Initially, the proposal called to tear down The Factory to build a pedestrian walkway. The walkway would be part of "Robertson Lane," a project that would include retail stores, restaurants, and 250 hotel rooms. Now, developer Faring Capital says that, instead of demolishing the structure completely, it will move a 140-foot long, two-story section of The Factory to another section at Robertson Boulevard to make room for the walkway, reports WeHoVille. The firm will also restore much of The Factory's facade, replacing the current windows with ones that had been salvaged from the past. Faring Capital will even go as far as commissioning "an oral history project and installations celebrating Studio One and the Factory's significance to the LGBT community," said WeHoVille. These announcements have garnered praise from both the West Hollywood Preservation Alliance (WHPA) and the L.A. Conservancy.

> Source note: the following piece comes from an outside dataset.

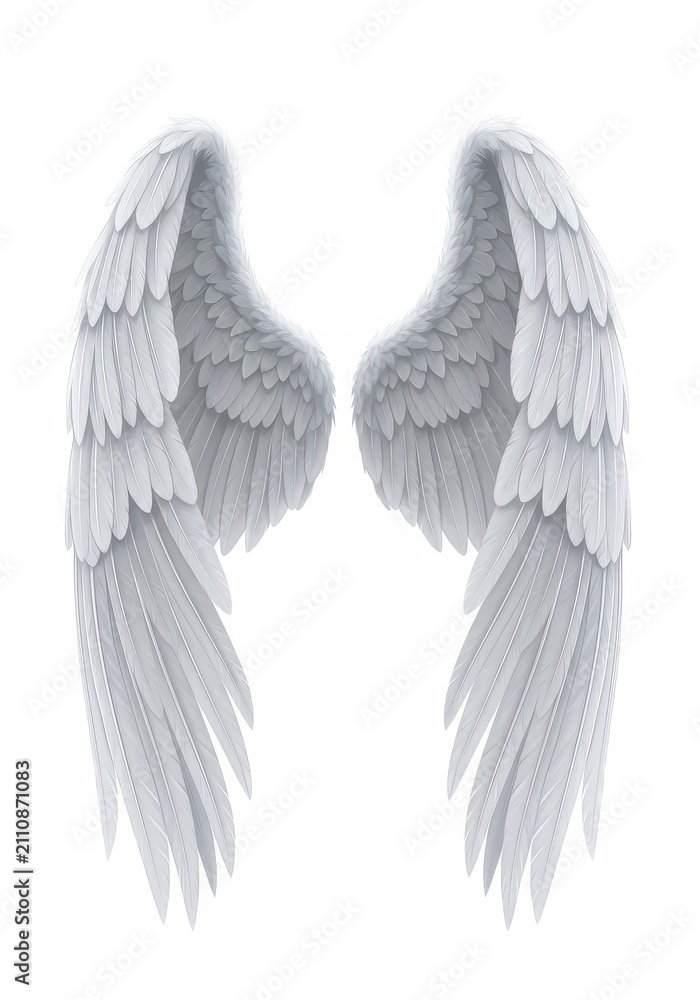 Obraz premium Realistic White Angel Wings Isolated on White Background - Detailed Feathered Wings Illustration for Spiritual and Divine Concepts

The building was erected in 1929 to house the Mitchell Camera Corporation, which left its mark on the filmmaking industry by producing the most advanced cameras of its time. When the company moved out, the space was renamed "The Factory" and served as a hang-out spot for celebrities. In 1974, Scott Forbes took over and turned it into Studio One, a gay disco that was "considered by many the place to see and be seen through much of the 1970s and 1980s," according to the L.A. Times. It had a dance floor that could accommodate over 1,000 people, and a backlot theater that saw performances by the likes of Bernadette Peters and Joan Rivers. The club also held one of the first major AIDS fundraisers in the early 80s.
The Factory is far from over. Strength comes in numbers and from community. This will be the first of many unfortunate fights to preserve our heritage. This LGBT community is awake and fighting to save our pride and our history.